Exercise materials -
►
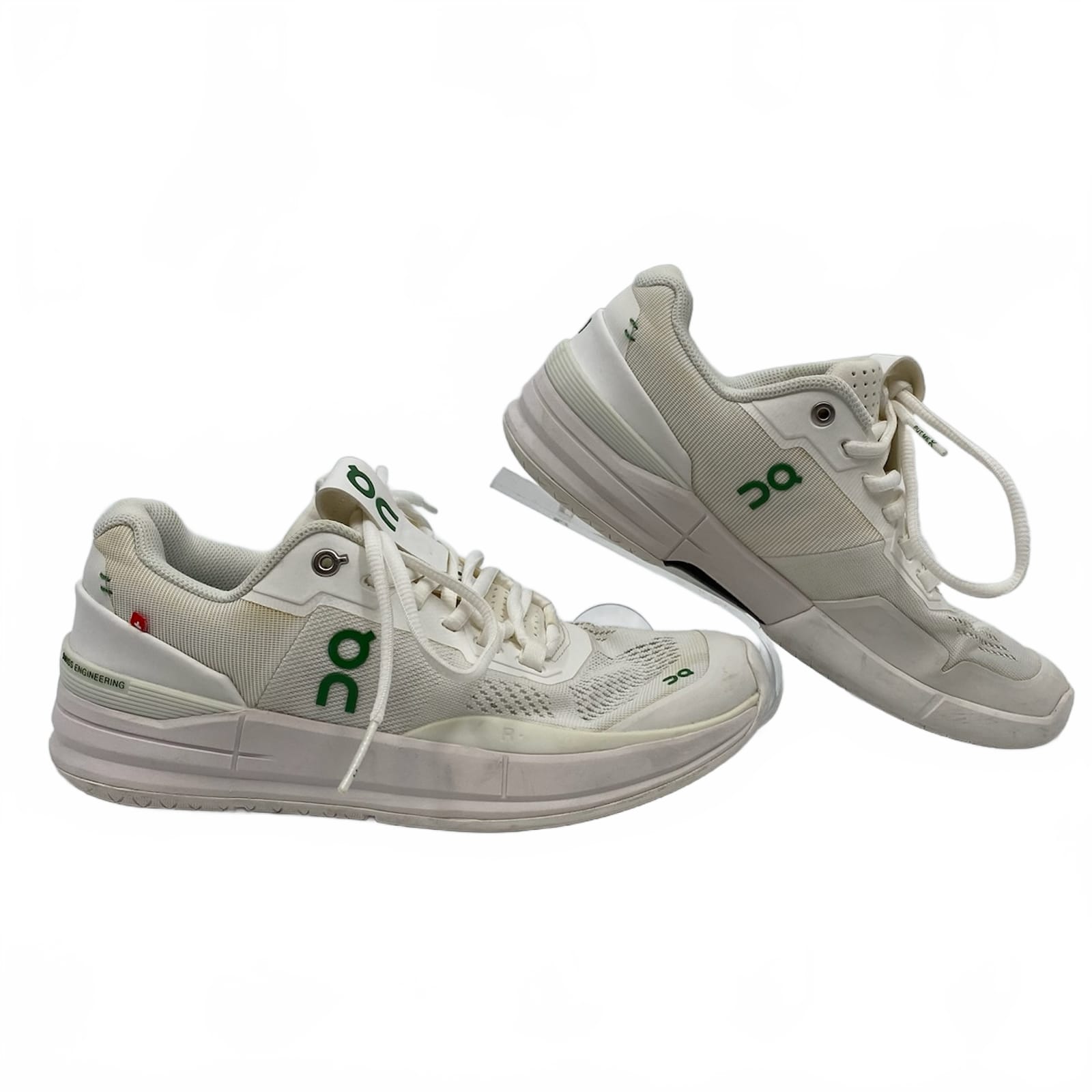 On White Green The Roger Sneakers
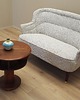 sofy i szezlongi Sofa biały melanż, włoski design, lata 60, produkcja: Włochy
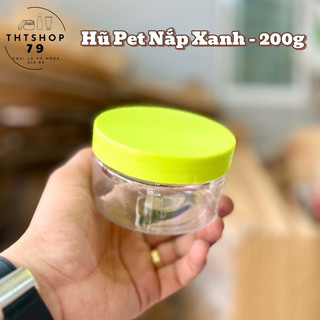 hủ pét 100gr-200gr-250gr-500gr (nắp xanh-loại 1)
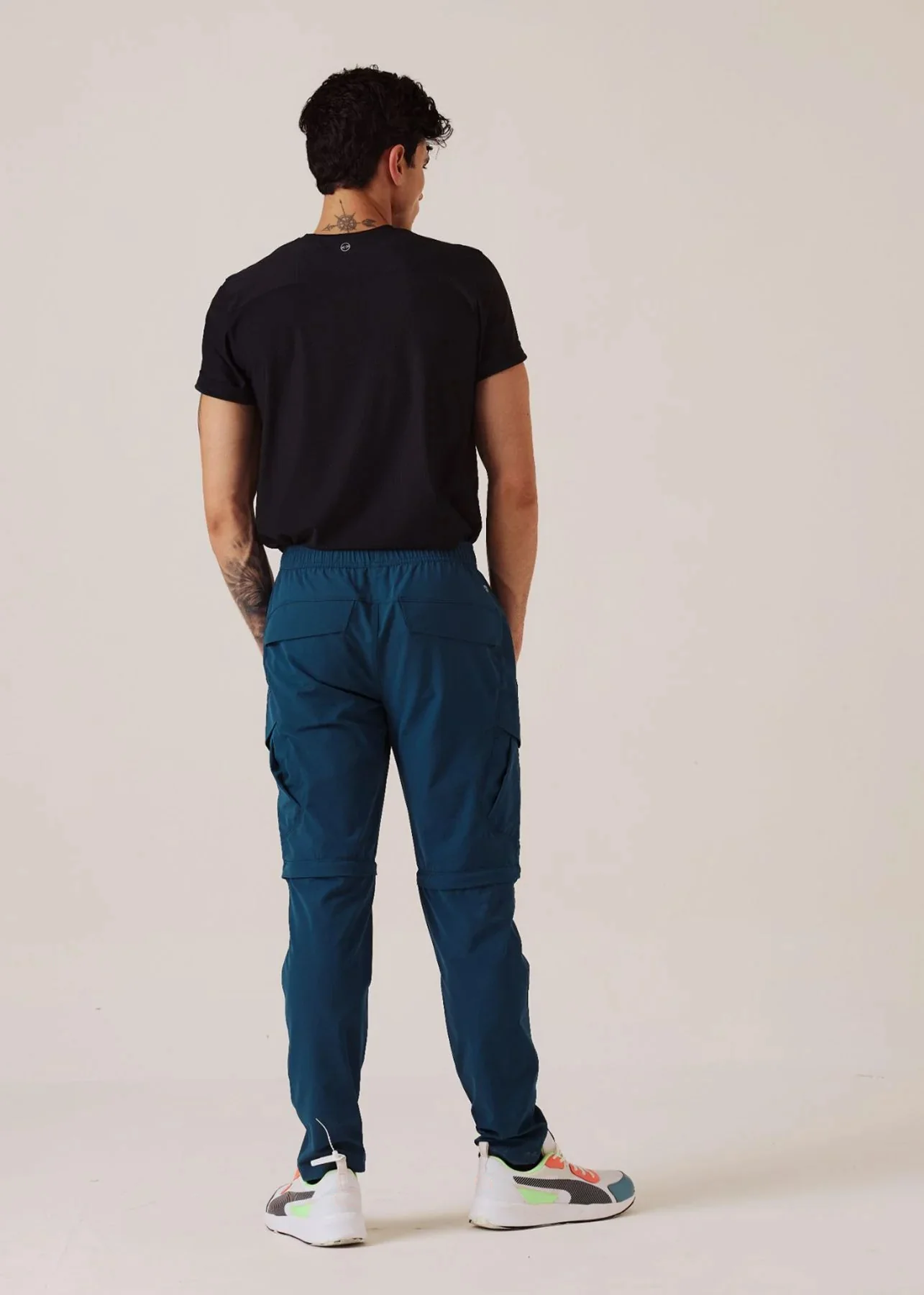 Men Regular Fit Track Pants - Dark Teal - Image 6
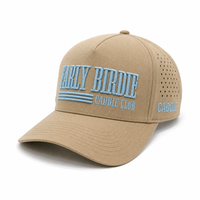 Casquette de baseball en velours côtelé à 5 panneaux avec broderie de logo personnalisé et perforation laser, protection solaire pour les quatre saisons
◄
►
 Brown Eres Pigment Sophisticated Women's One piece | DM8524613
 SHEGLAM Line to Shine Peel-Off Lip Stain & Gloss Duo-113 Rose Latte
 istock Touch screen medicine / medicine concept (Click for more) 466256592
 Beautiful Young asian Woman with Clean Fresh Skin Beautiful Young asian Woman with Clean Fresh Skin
◄
Reproduce the listing above exactly from the line containing "hủ pét 100gr-200gr-250gr-500gr" up to and including the line containing "Casquette de baseball", omitting any images and everything outside those lines.

 hủ pét 100gr-200gr-250gr-500gr (nắp xanh-loại 1)
 Men Regular Fit Track Pants - Dark Teal - Image 6
 Casquette de baseball en velours côtelé à 5 panneaux avec broderie de logo personnalisé et perforation laser, protection solaire pour les quatre saisons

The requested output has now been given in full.